Plus the structure's up the wall. Ideally it needed a hook to keep the audience orientated to the calendar - there's a good piece in this month's Sight and Sound about how actual calendars can be used for this purpose - but for much of the film the audience is unaware of where they are in those five years. We keep being told - oh this will be for another year, or another two years, but for those years to make sense, to have weight, we need to be aware of their passage and not just through weird beards and the addition of ill-advised bangs to Emily Brunt's fringe. Pieces to camera and voiceovers are old hat which isn't to say neither would have worked. But the really annoying thing is that it ends really well. Despite these problems the last ten minutes are stonkingly good, mostly because Stoller throws out everything else he was doing and essentially does a Muppet set-piece with humans.
Which brings us to last night and Center Stage which I watched by mistake because I thought I'd added a Chinese film with the same title to my Lovefilm list and was sent instead this Nicholas Hytner-directed ballet film starring Zoe Saldana, Peter Gallagher and a bunch of near complete unknowns who can all dance and also act a little. The Time Out review covers most of the bases. It's a FAME retread but focusing on the single discipline of ballet, with Saldana in the Leroy slot but featuring some amazingly terrible rock music, which includes, for pity's sake, playing the Thunderbugs's Friends Forever under scene in which the students go out into the world together. The gender politics is up the wall too, with the female ballet dancers constantly seeking the approval of their male counterparts, some of whom take some amazing liberties without much in the way of a comeuppance.

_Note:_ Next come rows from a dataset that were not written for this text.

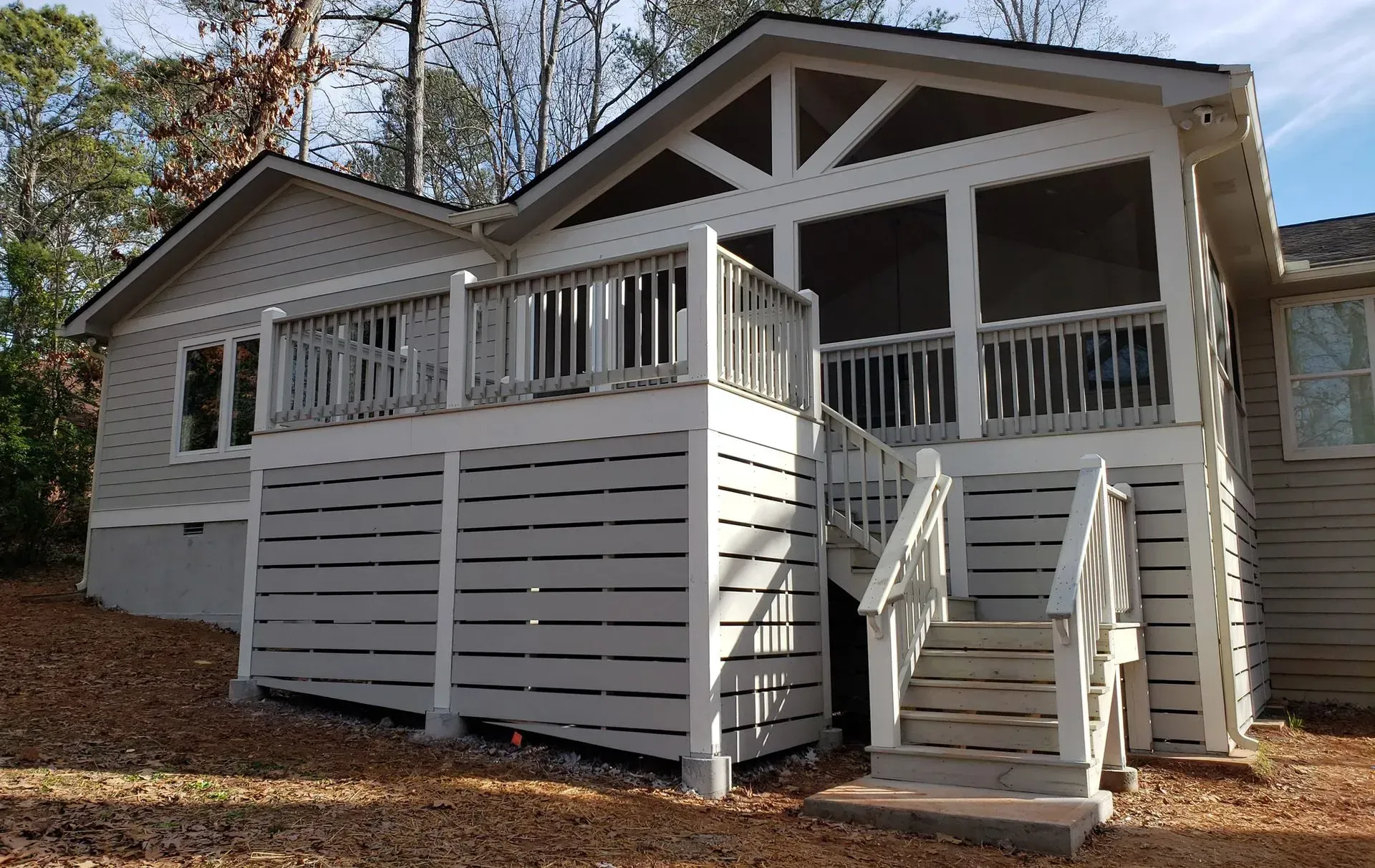 Gray house with a deck and screened porch. White railings and stairs. Trees in the background.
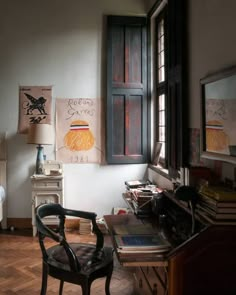 a bedroom with a bed, desk and chair next to an open window on the wall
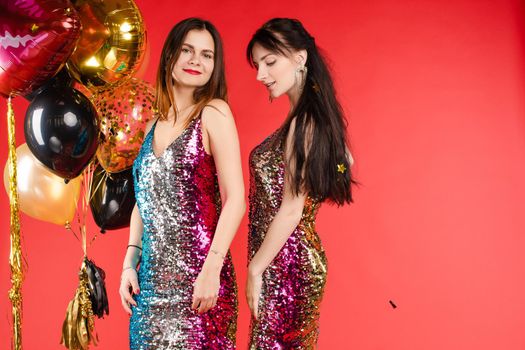 Group smiling beautiful woman posing surrounded by colorful shimmering confetti isolated red studio background. Happy three girl friend enjoying holiday party relaxing and having fun medium long shot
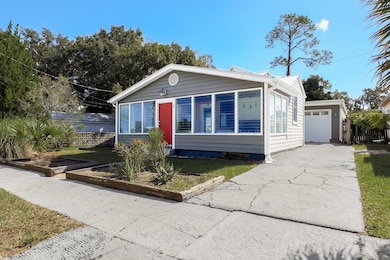 View of front of home with a garage and concrete driveway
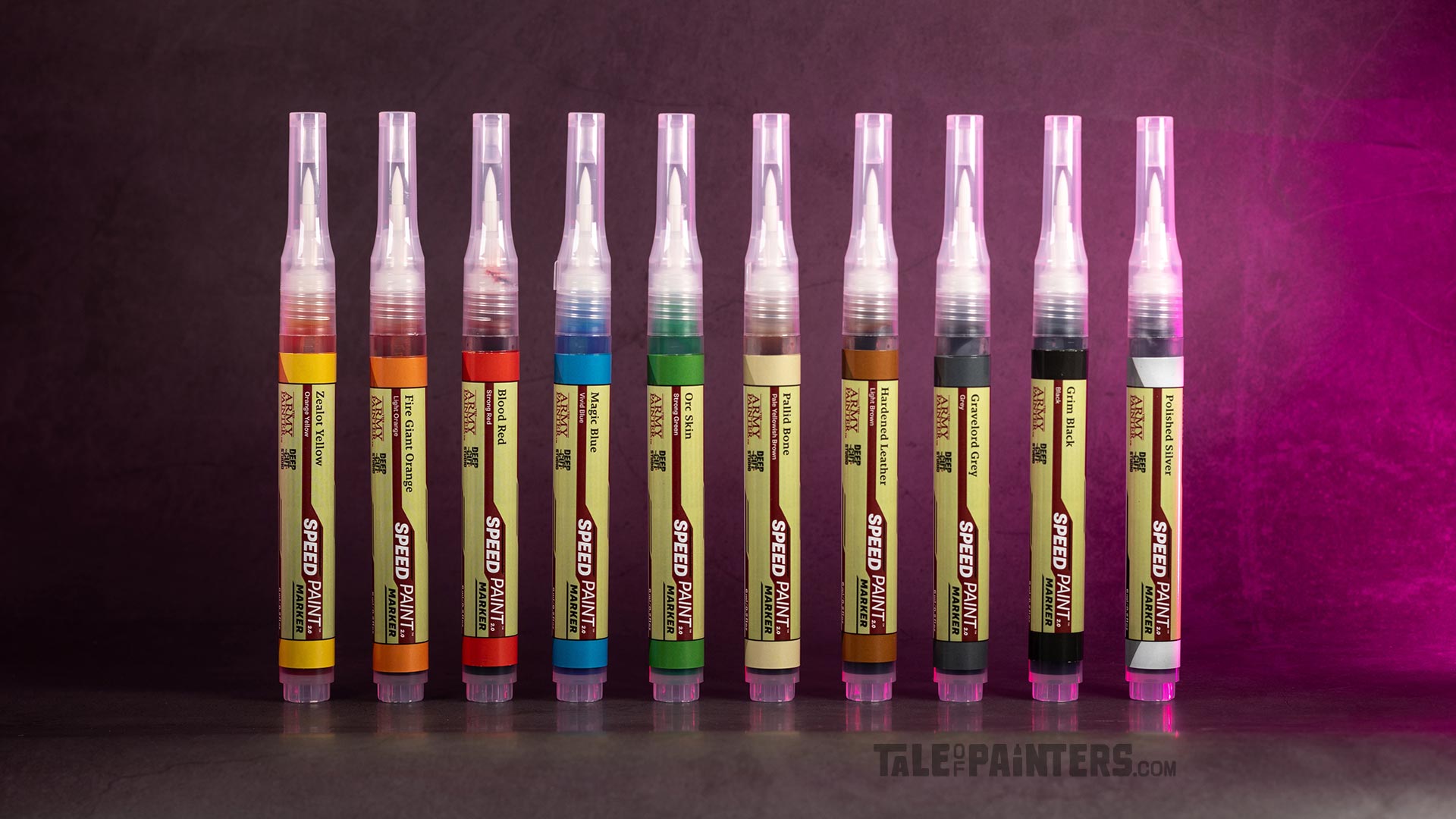 10 Speedpaint markers from The Army Painter, lined up in front of a concrete background lit with pink light, photographed for review purposes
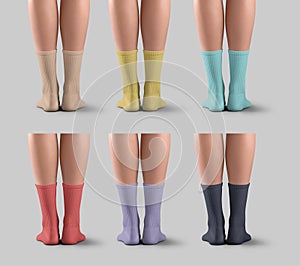 Mockup of colorful long socks on women\'s legs, back view, high gaiters with elastic band for design, branding. Set photo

Yet there's no denying once all that gives way to the dancing, as is often the case with dance films, the results are jaw dropping. Against the prevailing tide, Hytner often allows the ballet to play out in masters across the 1:2.35 letterbox which has to be the ideal aspect ratio for ballet, and must have looked spectacular in cinemas within an auditorium setting. Plus, having watched the BBC's ballet season recently, I can see that Hytner et al have researched the incidentals of being a ballet performer, of the treatment the dancers must wrought on their shoes through, banging, scraping and soaking in order to make them wearable. About the only omission I noticed was the apparent lack of anyone producing notations of the choreography, though the rehearsals scenes are generally kept to a minimum anyway so as not to spoil the surprises in the final performances, which are definitely worth sitting through the previous ninety-minutes for.